Young people frequently move abroad for studying at a foreign university. Another countries’ culture may be very different from their homeland’s. Students go through different stages as they try to adjust to this new culture. It is an interesting, sometimes stressful process. Most people go through these stages regardless of their immigration status. A student moving to a new region with its unique regional culture and accent, a person going to college for the first time, etc, they could all go through the stages of cultural adjustment.
Stages of Cultural Adjustment
Culture shock is experienced by every newcomer. For some the adjustment is fairly rapid, but for others, it is a long and difficult process. Four stages of cultural adjustment have been identified by Gregory Trifonovitch.
The Honeymoon Stage
Characterized by exhilaration, anticipation, and excitement.
A student in the honeymoon stage is eager to please and to learn.
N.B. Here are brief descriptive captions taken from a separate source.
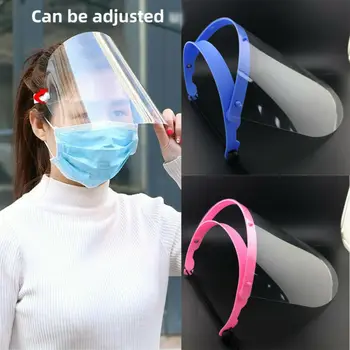 

Transparent Shield Adjustable Full Face Shield Hats Plastic Anti-fog Protective Cover Saliva-proof Dust-proof Cap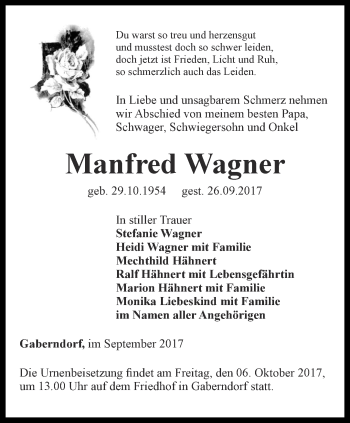 Traueranzeige von Manfred Wagner von Thüringer Allgemeine, Thüringische Landeszeitung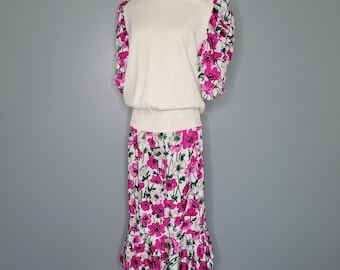 1980s Pink and Purple Floral Skirt and Sweater Blouse Set Anthony Sicari Eighties Party
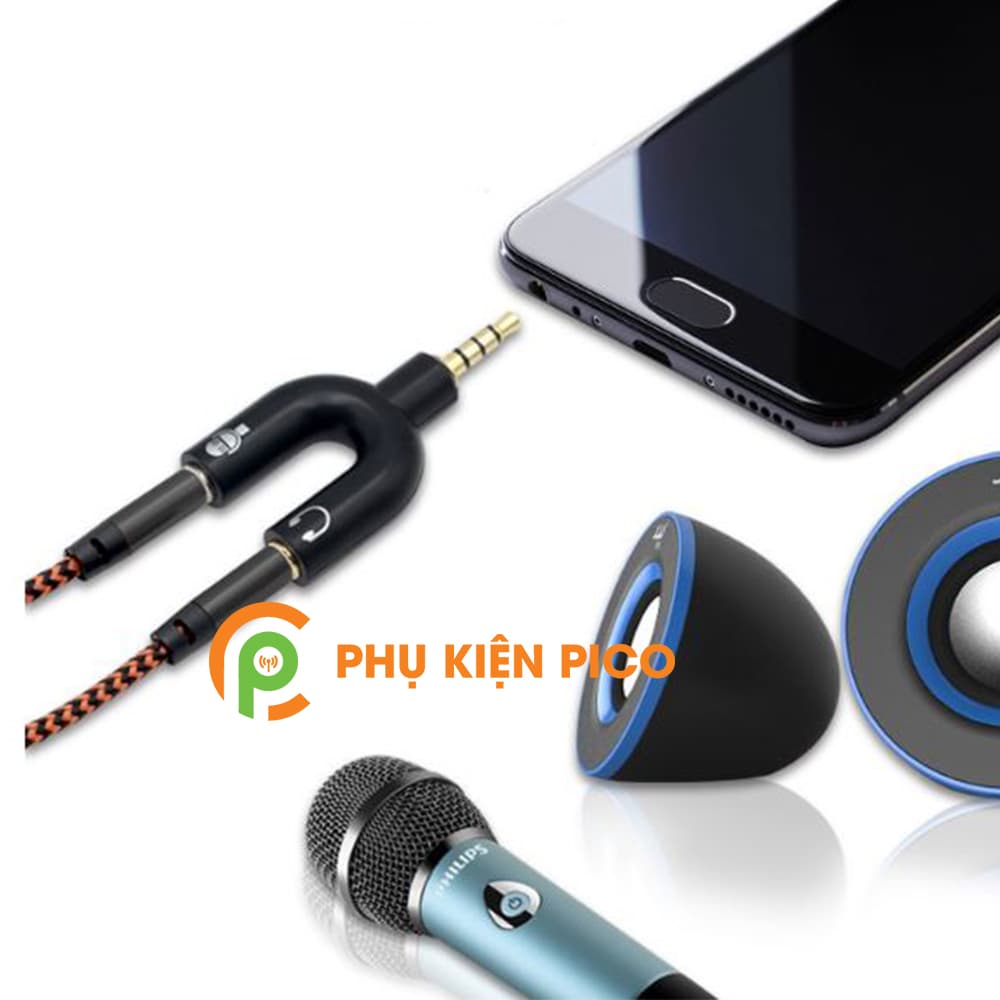 Đầu chia cổng âm thanh hình chữ U Jack cắm 3.5mm - Bộ chia chuyển đổi âm thanh - 3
He is cooperative and enthusiastic – a joy to work with them. But in his eagerness to please, he may nod or smile to indicate understanding when in fact he has not understood at all.
When misunderstandings mount up, he is likely to experience the second stage.
The Hostility Stage
Characterized by frustration, anger, fear, and sometimes physical illness.
A student becomes tired of the strain of listening and speaking in English, communicating with people who speak another language, perhaps don’t understand English well. He may be embarrassed by his failure and mistakes, frustrated that his progress seems so slow and perhaps angry in such an unhappy situation.
Students tend to blame the environment for their problems. They become hostile toward the school, the teacher, other students, or even the host community. They are difficult to work with and will try other’s patience and tolerance.
Typical problems are fits of anger, lack of motivation, frequent absences, and, at worst, withdrawal – the “I don’t care, anyway” attitude. These students need patience, support, firm and caring persistence so that they can begin to experience the third stage of adjustment.
The Humor Stage
As the student begins to relax, he can laugh at the difficulties and unusual characteristics of the host culture which no longer seem quite so overwhelming.
Students begin to make friends and discover they can manage the daily routines at school – no longer feeling as though they are always lost, confused, or misunderstood.
These students are generally easy to work with because they are relaxed, receptive, and understand the teachers’ directions.
The Home Stage
When the student feels “at home” in his new environment, he has learned to live and work in two cultures. Still loyal to his own culture, he is able to learn and to grow just as well in his new “home.”
(This article is based on the works of Gregory Trifonovitch.)